## Problem
After locating the line that holds "Win $100 PayPal Online Digital Gift Card US", transcribe it and each following line to the end of the records, changing nothing and adding nothing.

## Items from a dataset
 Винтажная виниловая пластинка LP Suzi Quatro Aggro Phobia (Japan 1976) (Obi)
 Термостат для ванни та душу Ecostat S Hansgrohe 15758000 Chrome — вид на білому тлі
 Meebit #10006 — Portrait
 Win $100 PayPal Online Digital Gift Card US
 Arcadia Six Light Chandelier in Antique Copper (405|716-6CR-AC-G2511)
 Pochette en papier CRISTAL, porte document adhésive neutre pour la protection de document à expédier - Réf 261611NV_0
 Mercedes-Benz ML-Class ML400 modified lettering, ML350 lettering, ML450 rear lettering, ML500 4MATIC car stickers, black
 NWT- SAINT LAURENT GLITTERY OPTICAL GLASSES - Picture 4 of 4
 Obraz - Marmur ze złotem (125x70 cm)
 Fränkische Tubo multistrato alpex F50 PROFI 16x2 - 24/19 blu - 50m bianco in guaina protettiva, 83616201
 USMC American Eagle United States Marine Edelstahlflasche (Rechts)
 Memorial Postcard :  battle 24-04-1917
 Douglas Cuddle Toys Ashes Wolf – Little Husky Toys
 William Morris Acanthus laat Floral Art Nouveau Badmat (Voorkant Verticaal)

## Result of the exercise
 Win $100 PayPal Online Digital Gift Card US
 Arcadia Six Light Chandelier in Antique Copper (405|716-6CR-AC-G2511)
 Pochette en papier CRISTAL, porte document adhésive neutre pour la protection de document à expédier - Réf 261611NV_0
 Mercedes-Benz ML-Class ML400 modified lettering, ML350 lettering, ML450 rear lettering, ML500 4MATIC car stickers, black
 NWT- SAINT LAURENT GLITTERY OPTICAL GLASSES - Picture 4 of 4
 Obraz - Marmur ze złotem (125x70 cm)
 Fränkische Tubo multistrato alpex F50 PROFI 16x2 - 24/19 blu - 50m bianco in guaina protettiva, 83616201
 USMC American Eagle United States Marine Edelstahlflasche (Rechts)
 Memorial Postcard :  battle 24-04-1917
 Douglas Cuddle Toys Ashes Wolf – Little Husky Toys
 William Morris Acanthus laat Floral Art Nouveau Badmat (Voorkant Verticaal)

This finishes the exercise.